Dataset items:
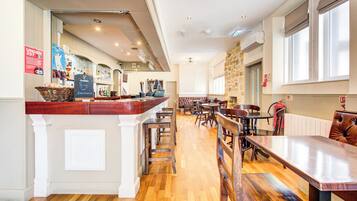 Un restaurant doté d’un bar, de planchers en bois et offrant différents types de sièges, notamment des banquettes et des tables.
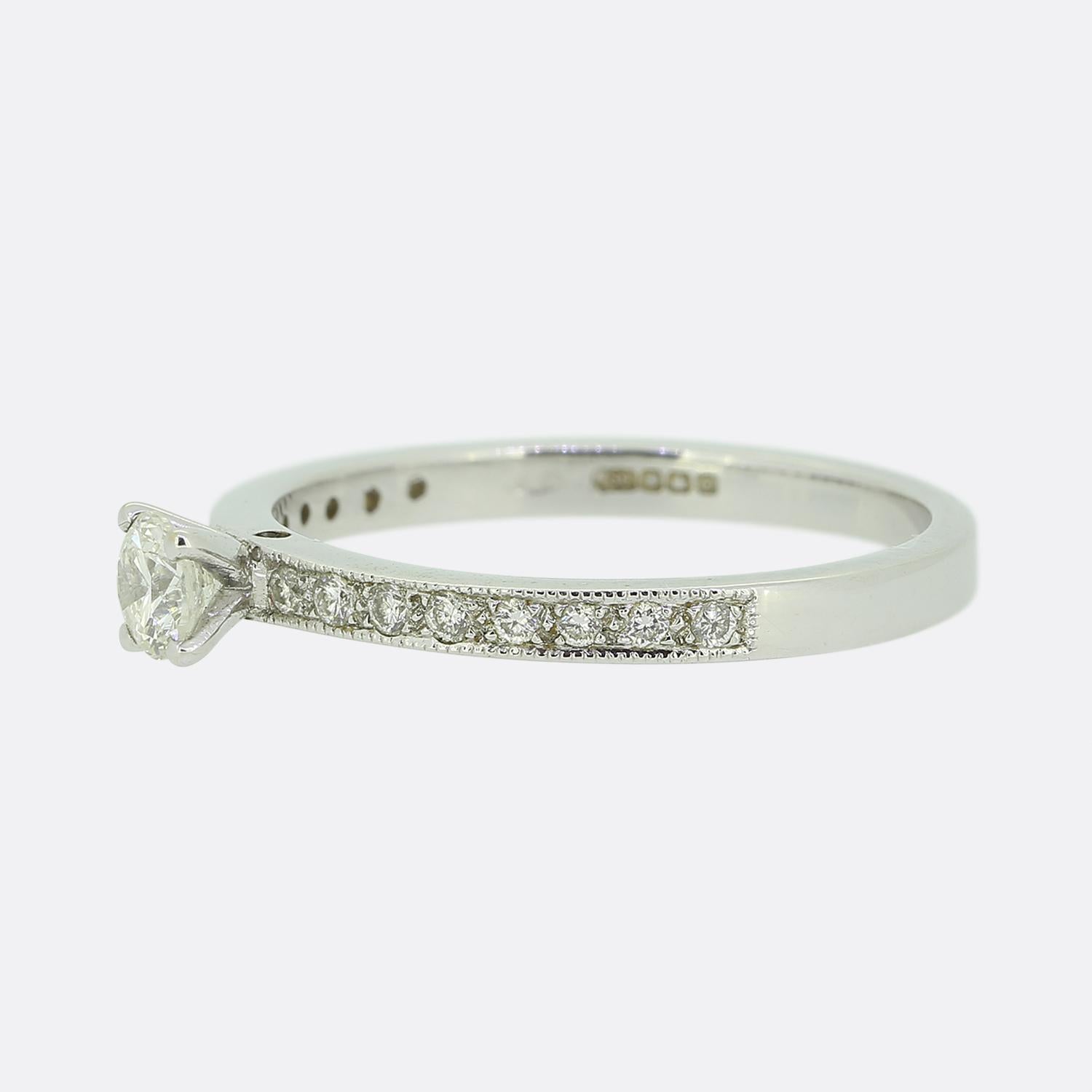Dies ist ein Solitär-Diamantring aus 18 Karat Weißgold. Der Mittelstein ist ein runder Diamant im Brillantschliff von 0,20 Karat und jede Schulter ist mit 8 kleineren Diamanten besetzt.

Zustand: Gebraucht (Sehr gut)
Gewicht: 2.7 Gramm
Größe:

→ **Required work**:
Lines from the one containing "Zustand: Gebraucht (Sehr gut)" through the last line of the records, restated word for word: that is the whole response.

→ **Your response**:
Zustand: Gebraucht (Sehr gut)
Gewicht: 2.7 Gramm
Größe:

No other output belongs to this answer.